So many of us have been taught to be “nice” above all else. We want to be liked, and to be nice we must bend over backwards to accommodate the wishes of others. But inside, you are likely to feel unappreciated and stepped on, and eventually you will begin to feel resentful.
Setting healthy boundaries is a valuable life skill.
Learning to set boundaries is a process that involves some self-reflection.
Recognizing the signs takes practice. For many of us, having our boundaries crossed is something we have been taught to accept. If your preferences have been ignored from childhood, and you were regularly compelled to obey the directions of authority, your boundaries have been comprehensively dismantled. Learning to rebuild boundaries will take some time, and will require you to develop new skills such as learning to say “no”.

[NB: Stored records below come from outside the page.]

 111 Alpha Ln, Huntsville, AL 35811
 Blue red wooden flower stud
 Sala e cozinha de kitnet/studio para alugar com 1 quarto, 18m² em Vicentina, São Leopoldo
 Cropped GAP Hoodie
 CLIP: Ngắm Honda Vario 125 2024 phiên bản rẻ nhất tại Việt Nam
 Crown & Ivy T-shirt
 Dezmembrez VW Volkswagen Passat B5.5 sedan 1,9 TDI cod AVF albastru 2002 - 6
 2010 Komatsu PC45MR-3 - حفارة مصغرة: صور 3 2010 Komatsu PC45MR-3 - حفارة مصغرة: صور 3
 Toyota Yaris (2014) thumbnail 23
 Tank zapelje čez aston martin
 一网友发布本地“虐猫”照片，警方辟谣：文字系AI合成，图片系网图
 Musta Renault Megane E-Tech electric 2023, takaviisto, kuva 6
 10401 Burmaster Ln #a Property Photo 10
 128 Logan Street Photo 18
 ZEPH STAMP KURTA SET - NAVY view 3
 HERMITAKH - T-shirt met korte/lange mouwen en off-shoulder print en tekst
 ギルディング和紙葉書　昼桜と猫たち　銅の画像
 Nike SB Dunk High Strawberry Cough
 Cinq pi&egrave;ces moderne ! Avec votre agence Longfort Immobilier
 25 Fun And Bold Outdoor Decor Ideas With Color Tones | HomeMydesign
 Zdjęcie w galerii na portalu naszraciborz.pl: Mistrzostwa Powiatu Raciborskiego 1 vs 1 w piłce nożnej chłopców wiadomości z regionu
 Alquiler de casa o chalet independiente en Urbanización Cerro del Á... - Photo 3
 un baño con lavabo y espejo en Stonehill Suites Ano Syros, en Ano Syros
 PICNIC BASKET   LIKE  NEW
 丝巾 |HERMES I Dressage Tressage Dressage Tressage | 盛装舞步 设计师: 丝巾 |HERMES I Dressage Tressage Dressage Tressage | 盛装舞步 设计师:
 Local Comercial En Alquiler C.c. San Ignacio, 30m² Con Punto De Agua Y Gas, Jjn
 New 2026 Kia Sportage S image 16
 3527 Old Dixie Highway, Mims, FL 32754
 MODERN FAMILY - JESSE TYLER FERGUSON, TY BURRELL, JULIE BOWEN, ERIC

First, recognize that setting boundaries is your job.
The other person is not to blame for crossing a boundary you have not set or defined clearly. How are they supposed to know what is ok for you if you don’t tell them?
How to recognize your boundaries have been crossed.
Surprisingly, many people don’t recognize the signs of a boundary violation. It is actually quite easy to tell – you will feel angry.
But, you say, I never get angry. And besides, anger is a negative emotion, and I am a nice person. Anger is destructive, dangerous, and bad.
For years, this is exactly how I felt. I firmly believed anger was an un-evolved emotion, that “good people” didn’t allow themselves to express it (and even feeling it was really a bad sign!).
I am so grateful to have read Karla McLaren’s book The Language of Emotions – her work has helped me see “negative” emotions in a much more forgiving light.
She describes anger as an “honorable protector”, that anger, like all your emotions, is simply an energy that moves through your body. Anger arises to help you set and defend your boundaries. It can be as simple as that – when someone starts to cross your line you can very clearly say “hey, step back please”. The sensation of rising energy gives you the strength to put out a hand and say “no”.
Seeing anger as a force looking out for your protection changes it from something to be avoided and repressed to something with a valid message for you.
The anger we fear, the raging, out of control force, is anger that has been denied and bottled up for a very long time. Learning to notice the arising of anger in its early stages will help you learn to work with it so it does not need to become so large and overwhelming.
It is important to recognize that boundaries do not need to be rigid or inflexible.
You can define and negotiate them throughout your interactions with others. Some relationships may require firmer boundaries than others; you may offer more leeway with a close friend than a casual acquaintance. It is a constant dance, checking in with yourself and making decisions based on how much you wish and are able to offer at any point in time. Your emotional responses will guide you and help you navigate.
Flower Essences to help you recognize and set your boundaries.
A good first step may be the Balance I: Caring for Self and Others flower essence combination formula. Learning how to balance your own needs with those of others will always be a work in progress, but is crucial for your personal sustainability. If you are putting out way more energy than you are taking in, your body will eventually object.
China Rose flower essence is an excellent choice to learn to set boundaries. This rose offers the most beautiful fragrant flowers, but maintains her space with a strong structure and serious thorns. She teaches openhearted giving from a place of strength and abundance.
Siberian Yarrow flower essence, like all Yarrow essences, helps you develop a strong protective field. When you have poorly developed or undefined boundaries it can be hard to tell where you stop and others begin. Siberian Yarrow helps you interact with others, sharing space while maintaining your autonomy.
In my practice with clients I find that many women have poorly defined or nonexistent boundaries, and often feel resentful and frustrated.
I can sympathize, I have experienced this myself and have felt all the self-judgement and shame around feeling this way. When we work with this issue together it is important to work slowly and strengthen your boundaries so you can become aware when you are giving beyond your ability to do so. It takes time to get in touch with feelings of anger, and to start to release it in small and healthy ways. Flower essences, used skillfully, can help you slowly and safely start to let go of old resentments and aggravation. Over time you can develop a healthy relationship with all your emotions, even anger, and use them appropriately.